• The problem
When you reach the line that has "MINI Cooper Countryman" in the material below, reproduce it and each line after it exactly, through the last one.

• Dataset section
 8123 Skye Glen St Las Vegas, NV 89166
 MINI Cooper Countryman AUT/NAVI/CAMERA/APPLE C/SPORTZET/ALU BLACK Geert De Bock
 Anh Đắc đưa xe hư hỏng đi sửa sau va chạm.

• Reply
 MINI Cooper Countryman AUT/NAVI/CAMERA/APPLE C/SPORTZET/ALU BLACK Geert De Bock
 Anh Đắc đưa xe hư hỏng đi sửa sau va chạm.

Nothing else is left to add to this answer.